Cronbach’s alpha is a statistic that allows us to assess the internal consistency of a scale. It ranges from 0 to 1. The closer to 1, the more internal consistency the scale has.
The basic idea is to look at the ratio of the sum of k item variances to the variance of the sums. For example, say we have a k = 10 question (or 10 item) survey to measure anxiety, where each question is scored from 1 (no anxiety) to 4 (high anxiety), and the 10 item scores are summed to give an anxiety score. To assess internal consistency, we would give this survey to a bunch of people who are known to have anxiety and collect their responses. We would next calculate the variances of the 10 items as well as the variance of the total scores. We would then sum the 10 item variances and divide by the variance of the total scores to get a ratio. This ratio is at the core of the formula for Cronbach’s alpha.
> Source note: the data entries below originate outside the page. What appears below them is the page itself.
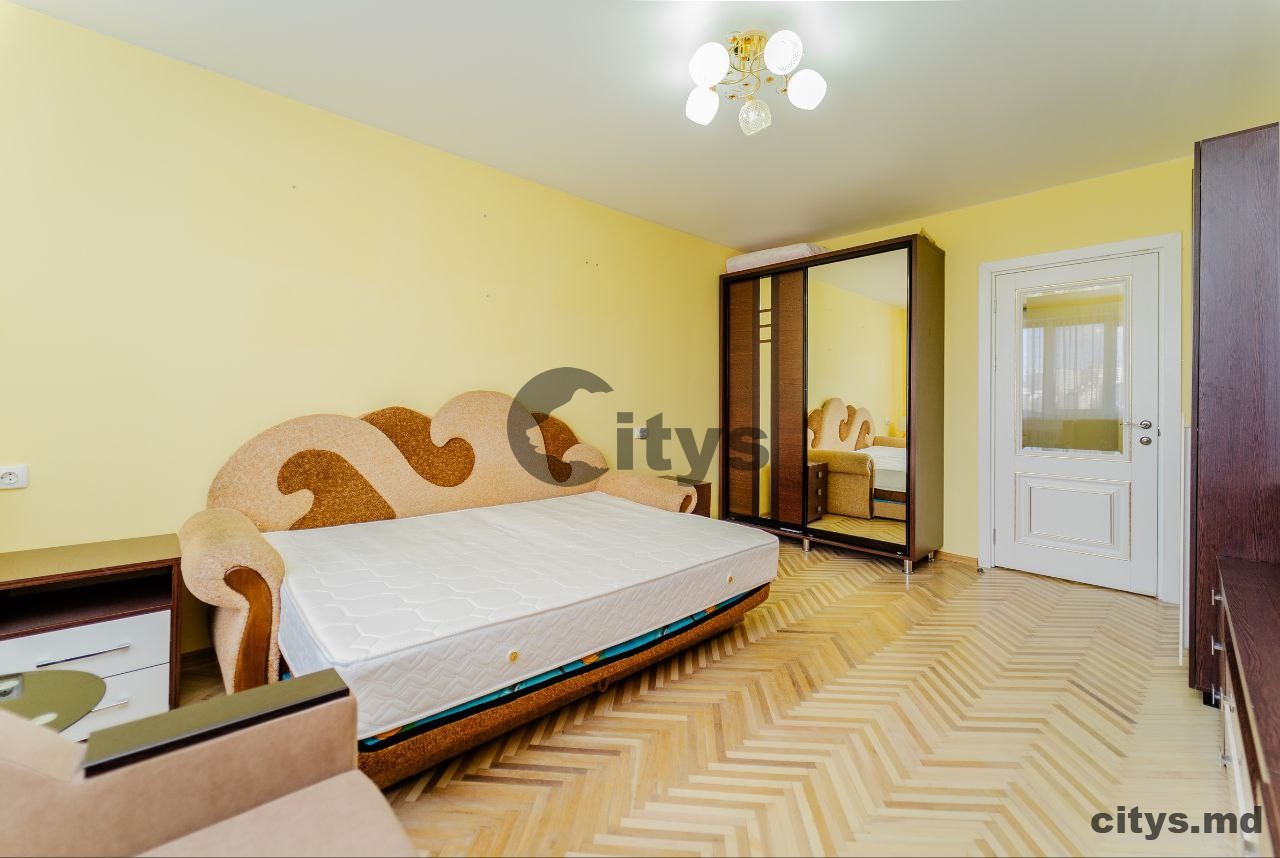 Apartament cu 1 cameră, 40m², Zelinschi photo 4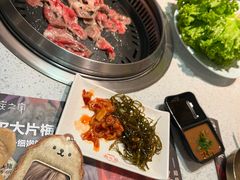 -炭之家·齐齐哈尔非遗烤肉·鲜切直供(中央大街店)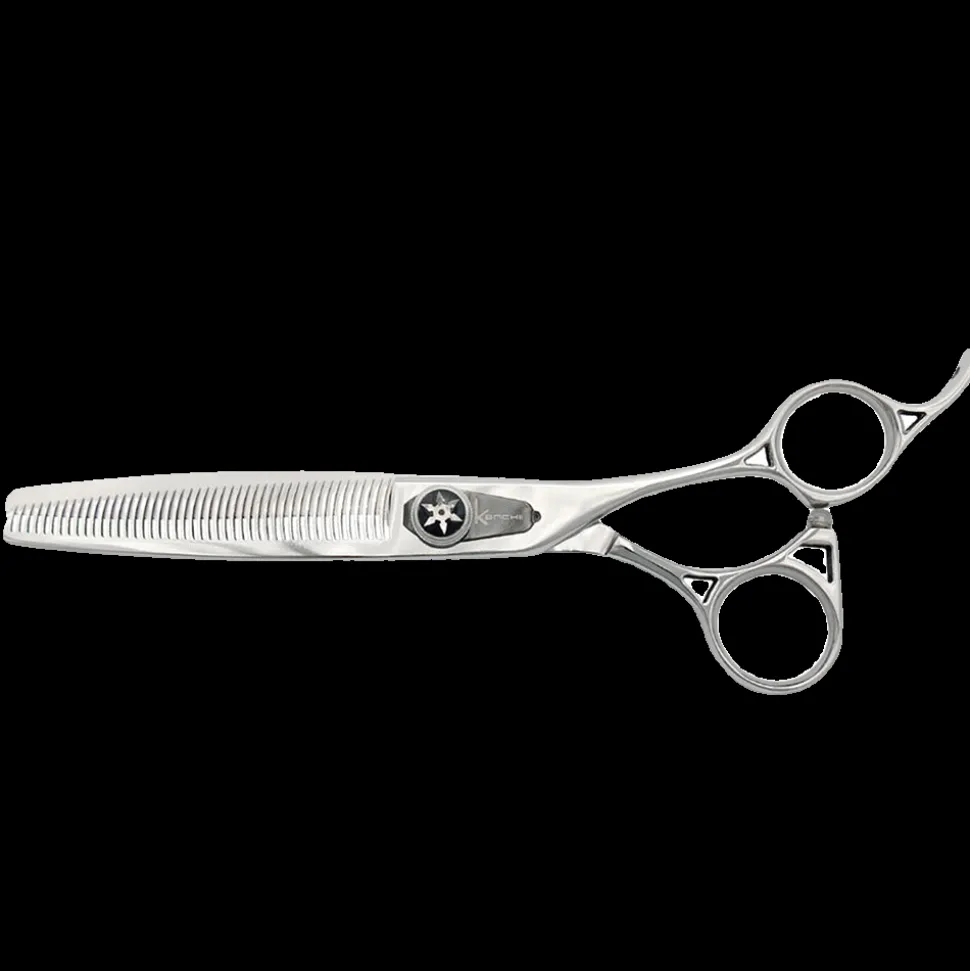Shinobi 6.5" 46T Thinner Shear by Kenchii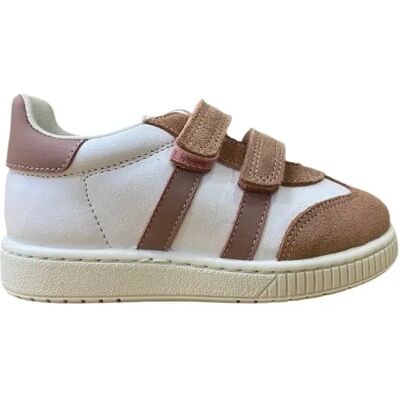 Sneakers Titanitos U750 Player V Rose 35 Mixte Sneakers Titanitos U750 Player V Rose 35 Mixte
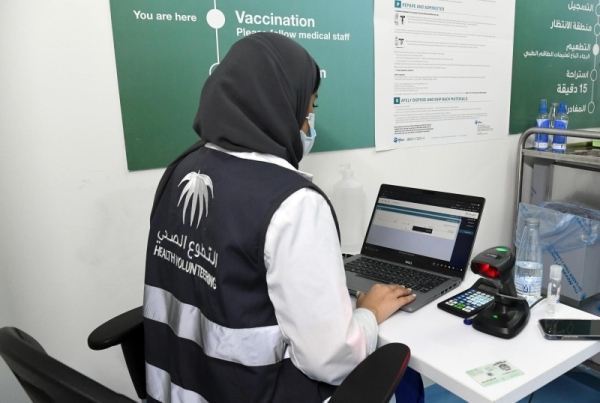 COVID-19 situation in Saudi Arabia is stabilizing: Health ministry spokesman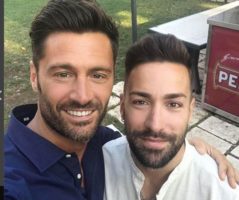 Filippo Bisciglia a Temptation Island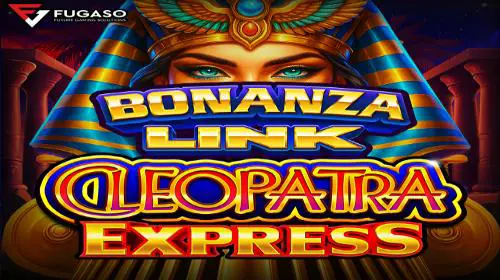 Bonanza Link: Cleopatra Express - Spin City - Lesotho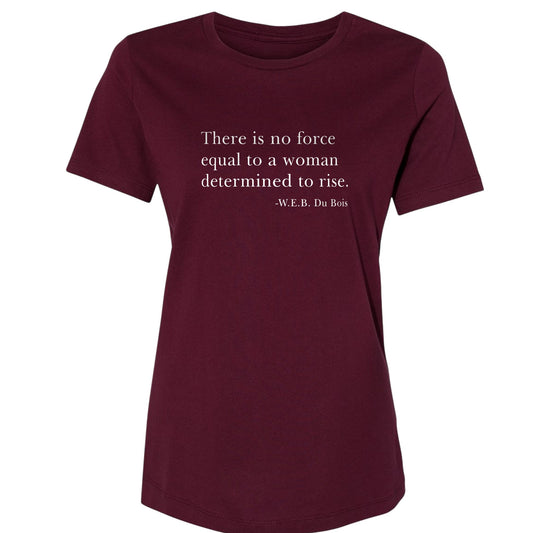 Woman Rising Women's T-Shirt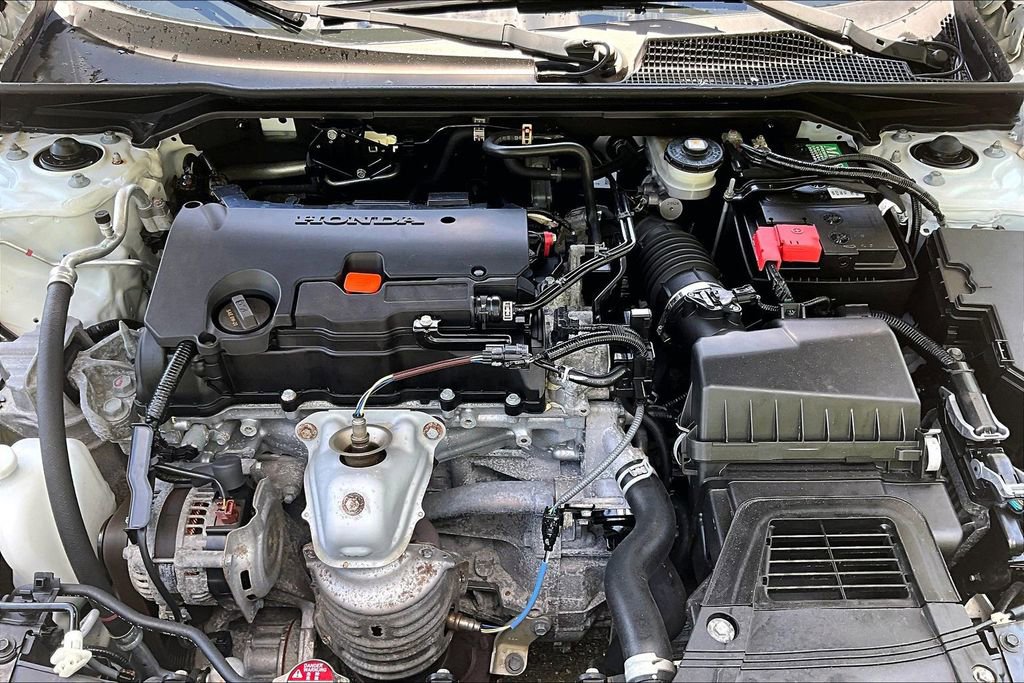 Used 2022 Honda Civic Sport image 22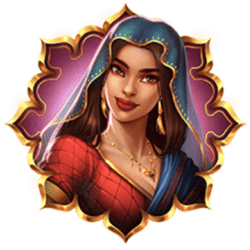 Scatter of Fortunes of Alibaba Slot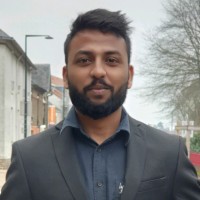 Sathwik Alladi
To derive Cronbach’s alpha, it helps to consider the two extremes this ratio could take. The easiest to consider is the case when all k items are independent and thus the variance of their sum is equal to the sum of their variances. No need to account for covariance since it’s 0. That is,
\[
s^2_T = \sum_{i=1}^{k}s^2_i
\]
In this case, the ratio of sum of variances to variance of sums is 1: \(\frac{\sum_{i=1}^{k}s^2_i}{s^2_T} = 1\)
At the other extreme, all items have identical variance and are perfectly correlated. In this case we cannot simply sum the item variances to calculate the variance of the sums. The expression for \(s^2_T\) is more complicated. We need to include covariances. This comes out to
\[
s^2_T = \sum_{i=1}^{k}s^2_i + 2\sum_{i<j}\text{Cov}(X_i,X_j)
\]
However, since all items have identical variances and are perfectly correlated, the covariance for any two variables is the same as their respective variances. Recall the formula for covariance for two variables:
\[
\text{Cov}(X,Y) = \rho\sigma_x\sigma_y
\]
If \(\rho=1\) and x and y have equal variance, then the product of their respective standard deviations is equal to the variance of x or y.
To calculate \(s^2_T\) in this case we need to calculate two parts: (1) the sum of the variances and (2) the sum of the covariances.
If we have k groups with equal variances, the sum of the variances is simply \(k\sigma^2\).
If we have k groups, then we have \(\frac{k(k-1)}{2}\) pairs of covariances. The sum of the covariances is \(2\frac{k(k-1)}{2}\sigma^2\), which simplifies to \(k(k-1)\sigma^2\).
Therefore we have
\[
s^2_T = k\sigma^2 + k(k-1)\sigma^2
\]
Which simplifies to
\[
s^2_T = k^2\sigma^2
\]
Now when we form the ratio of sum of variances to variance of sums we get \(\frac{k\sigma^2}{k^2\sigma^2}\), which simplifies to \(\frac{1}{k}\).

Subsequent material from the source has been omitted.